As I have mentioned in Why do I need a debugger?:

(3) Debugger is a good tool to help you understand code.

So when I come across difficulty to understand vfscount.py code in bcc project, I know it is time to resort to pdb, python‘s debugger, to help me.

The thing which confuses me is here:

counts = b.get_table("counts")
for k, v in sorted(counts.items(), key=lambda counts: counts[1].value):
    print("%-16x %-26s %8d" % (k.ip, b.ksym(k.ip), v.value))

From previous code:

BPF_HASH(counts, struct key_t, u64, 256);

It seems the v‘s type is u64, and I can’t figure out why use v.value to fetch its data here.

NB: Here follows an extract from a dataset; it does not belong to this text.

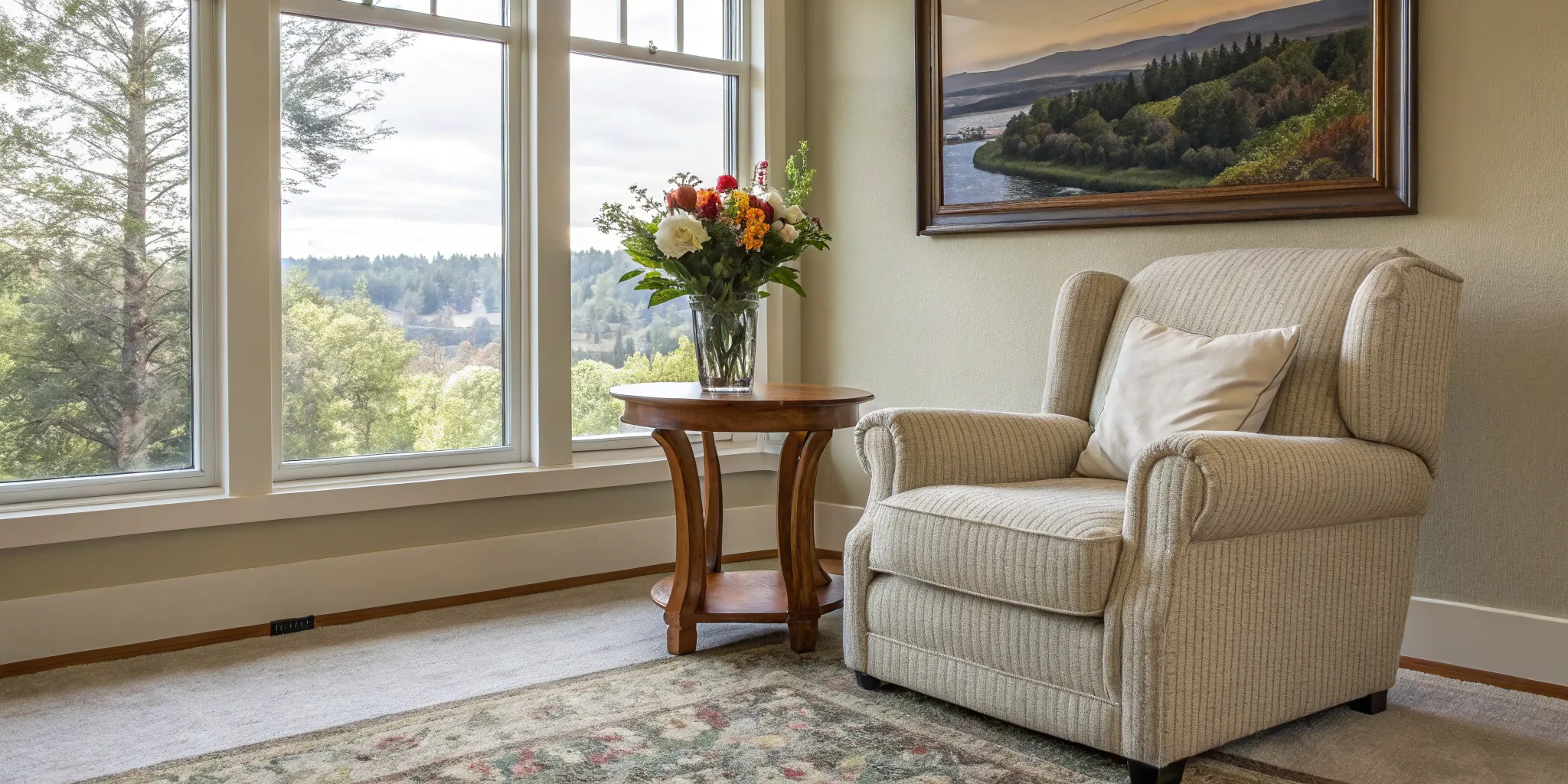 A living room renovated with funds from a home equity rapid refinance loan.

pdb‘s manual is very succinct and its command is so similar with gdb‘s, so it is no learning curve for me. Just launch a debugging session and set breakpoint at “counts = b.get_table("counts")” line:

# python -m pdb vfscount.py
> /root/Project/bcc/tools/vfscount.py(14)<module>()
-> from __future__ import print_function
(Pdb) b vfscount.py:49

Start the program and press Ctrl-C after seconds; the breakpoint will be hit:

(Pdb) r
Tracing... Ctrl-C to end.
^C
ADDR             FUNC                          COUNT
> /root/Project/bcc/tools/vfscount.py(49)<module>()
-> counts = b.get_table("counts")

Step into get_table method, and single-step every line. Before leaving method, check the type of keytype and leaftype:

-> counts = b.get_table("counts")
(Pdb) s
--Call--
> /usr/lib/python3.6/site-packages/bcc/__init__.py(416)get_table()
-> def get_table(self, name, keytype=None, leaftype=None, reducer=None):
(Pdb) n
> /usr/lib/python3.6/site-packages/bcc/__init__.py(417)get_table()
-> map_id = lib.bpf_table_id(self.module, name.encode("ascii"))
......
(Pdb) p leaf_desc
b'"unsigned long long"'
(Pdb) n
> /usr/lib/python3.6/site-packages/bcc/__init__.py(430)get_table()
-> leaftype = BPF._decode_table_type(json.loads(leaf_desc.decode()))
(Pdb)
> /usr/lib/python3.6/site-packages/bcc/__init__.py(431)get_table()
-> return Table(self, map_id, map_fd, keytype, leaftype, reducer=reducer)
(Pdb) p leaftype
<class 'ctypes.c_ulong'>
(Pdb) p keytype
<class 'bcc.key_t'>

Yeah! The magic is here: leaftype‘s type is not pure u64, but ctypes.c_ulong. According to document:

>>> print(i.value)
42

We should use v.value to get its internal data.

Happy pdbing! Happy python debugging!